Jennifer Lawrence suscite le débat sur l’usage des coordinateurs d’intimité
L’actrice Jennifer Lawrence a récemment provoqué une vive controverse en évoquant son expérience sur le plateau de son dernier film, *Die My Love*. Elle a déclaré qu’elle n’avait pas jugé nécessaire d’avoir un coordinateur d’intimité pour ses scènes de sexe avec Robert Pattinson, suscitant des réactions mitigées sur les réseaux sociaux.
- Jennifer Lawrence a déclaré ne pas avoir eu besoin d’un coordinateur d’intimité pour ses scènes avec Robert Pattinson.
- Elle affirme se sentir en sécurité et souligne la bonne dynamique avec l’acteur.

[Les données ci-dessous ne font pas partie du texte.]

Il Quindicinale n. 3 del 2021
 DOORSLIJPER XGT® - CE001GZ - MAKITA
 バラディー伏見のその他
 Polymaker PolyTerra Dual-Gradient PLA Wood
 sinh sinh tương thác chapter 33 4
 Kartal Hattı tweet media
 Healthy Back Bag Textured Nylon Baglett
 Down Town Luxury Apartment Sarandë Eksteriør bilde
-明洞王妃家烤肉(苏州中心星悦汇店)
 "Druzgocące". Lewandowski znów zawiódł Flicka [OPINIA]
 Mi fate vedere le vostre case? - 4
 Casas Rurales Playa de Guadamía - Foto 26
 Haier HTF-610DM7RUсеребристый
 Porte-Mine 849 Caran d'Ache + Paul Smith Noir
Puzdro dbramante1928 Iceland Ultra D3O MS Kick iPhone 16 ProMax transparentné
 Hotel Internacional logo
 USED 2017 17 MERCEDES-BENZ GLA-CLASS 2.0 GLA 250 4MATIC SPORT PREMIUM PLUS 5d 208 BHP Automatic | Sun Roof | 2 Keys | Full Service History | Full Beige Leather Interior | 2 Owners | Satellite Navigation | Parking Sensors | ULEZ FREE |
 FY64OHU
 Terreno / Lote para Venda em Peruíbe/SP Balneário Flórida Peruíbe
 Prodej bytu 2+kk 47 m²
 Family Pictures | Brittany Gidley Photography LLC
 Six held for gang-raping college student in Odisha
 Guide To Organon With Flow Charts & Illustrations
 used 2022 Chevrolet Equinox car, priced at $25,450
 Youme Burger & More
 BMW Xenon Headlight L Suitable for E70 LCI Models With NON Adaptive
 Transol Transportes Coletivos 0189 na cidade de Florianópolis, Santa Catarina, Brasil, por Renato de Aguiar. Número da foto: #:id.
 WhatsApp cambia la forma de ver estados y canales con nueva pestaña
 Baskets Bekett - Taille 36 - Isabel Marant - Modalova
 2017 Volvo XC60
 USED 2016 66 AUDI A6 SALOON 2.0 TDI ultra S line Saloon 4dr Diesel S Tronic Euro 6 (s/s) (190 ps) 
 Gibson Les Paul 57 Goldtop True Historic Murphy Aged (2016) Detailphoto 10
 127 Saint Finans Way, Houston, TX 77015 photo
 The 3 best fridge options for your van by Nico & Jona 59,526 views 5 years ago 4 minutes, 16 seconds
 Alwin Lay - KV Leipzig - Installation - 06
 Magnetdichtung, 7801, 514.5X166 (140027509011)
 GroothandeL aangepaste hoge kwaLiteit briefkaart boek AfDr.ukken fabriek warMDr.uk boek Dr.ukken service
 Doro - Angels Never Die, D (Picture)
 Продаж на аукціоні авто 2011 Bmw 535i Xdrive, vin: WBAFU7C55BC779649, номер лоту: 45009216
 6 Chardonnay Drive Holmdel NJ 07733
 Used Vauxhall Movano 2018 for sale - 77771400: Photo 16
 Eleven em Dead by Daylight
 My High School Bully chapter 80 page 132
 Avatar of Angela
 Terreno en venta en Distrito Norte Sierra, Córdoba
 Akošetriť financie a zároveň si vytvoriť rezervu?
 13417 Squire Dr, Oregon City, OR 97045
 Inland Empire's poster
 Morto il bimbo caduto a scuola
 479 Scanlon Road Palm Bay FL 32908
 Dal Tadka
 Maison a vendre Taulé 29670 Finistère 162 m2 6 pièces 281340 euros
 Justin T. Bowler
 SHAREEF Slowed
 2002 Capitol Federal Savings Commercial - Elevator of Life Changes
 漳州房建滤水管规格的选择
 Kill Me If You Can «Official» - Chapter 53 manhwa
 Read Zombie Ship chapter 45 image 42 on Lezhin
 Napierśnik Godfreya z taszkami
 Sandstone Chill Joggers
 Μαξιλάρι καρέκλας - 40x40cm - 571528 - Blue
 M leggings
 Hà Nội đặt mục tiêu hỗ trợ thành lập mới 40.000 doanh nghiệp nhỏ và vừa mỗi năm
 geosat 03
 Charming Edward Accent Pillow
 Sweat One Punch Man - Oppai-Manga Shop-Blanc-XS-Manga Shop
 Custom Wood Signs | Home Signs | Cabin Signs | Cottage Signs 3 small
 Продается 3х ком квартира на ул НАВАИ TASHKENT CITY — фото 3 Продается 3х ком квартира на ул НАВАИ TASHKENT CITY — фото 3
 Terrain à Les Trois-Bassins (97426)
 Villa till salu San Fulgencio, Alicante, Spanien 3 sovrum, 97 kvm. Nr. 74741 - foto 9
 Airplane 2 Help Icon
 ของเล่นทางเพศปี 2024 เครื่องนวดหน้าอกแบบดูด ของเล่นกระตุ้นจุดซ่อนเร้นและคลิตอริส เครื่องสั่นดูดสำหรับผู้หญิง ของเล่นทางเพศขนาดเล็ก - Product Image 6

- Sa déclaration a suscité des critiques sur la nécessité du rôle de coordinateur d’intimité dans le cinéma.
- Le débat met en lumière l’importance croissante de la sécurité lors des scènes sensibles à l’écran.
Une affirmation qui interroge
Dans le cadre du podcast *Las Culturistas*, Jennifer Lawrence a expliqué : « Nous n’avions pas ou peut-être que nous l’avons fait mais nous ne l’avons pas vraiment fait… Je me sentais vraiment en sécurité avec Rob. Il n’est pas pervers et très amoureux de Suki Waterhouse. » L’actrice a souligné que la dynamique entre elle et Pattinson était saine, ajoutant qu’il « n’y avait jamais eu de bizarrerie du genre : « Est-ce qu’il pense que je l’aime bien ? » » Lawrence a aussi exprimé qu’elle pourrait avoir recours à un coordinateur si jamais elle ressentait une forme d’inconfort : « S’il y avait un peu de cela, j’aurais probablement un coordinateur de l’intimité », notant qu’il existe beaucoup d’acteurs masculins qui peuvent se sentir offensés si leurs avances ne sont pas acceptées.
Les réactions sur les réseaux sociaux
Cette déclaration n’a cependant pas manqué de soulever des critiques. Sur la plateforme X, plusieurs utilisateurs ont estimé que sa justification ne correspondait pas aux réalités du besoin de protection émotionnelle et physique au sein des productions cinématographiques. Un utilisateur a écrit : « Les acteurs cessent de déformer complètement le point de l’intimité », tandis qu’un autre ajoutait que ce rôle vise à assurer la sécurité de toutes les personnes impliquées dans le tournage. Depuis cette interview, la discussion s’est également élargie avec Julia Roberts, qui avait précédemment révélé avoir omis un coordinateur pour une scène avec Andrew Garfield dans *After The Hunt*. Ce choix a été perçu par certains comme une prise de risque inutile.
Un sujet sensible au cœur du cinéma moderne
Ces débats reflètent une préoccupation croissante concernant la sécurité et le confort lors des scènes intimes dans l’industrie cinématographique. Les coordinators d’intimité émergent comme des figures clés visant à créer un environnement sûr pour tous les acteurs et membres techniques concernés. Alors même que certaines stars choisissent consciemment d’ignorer leur présence, il est clair que cette question mérite une attention particulière alors que les normes évoluent dans le monde du cinéma contemporain.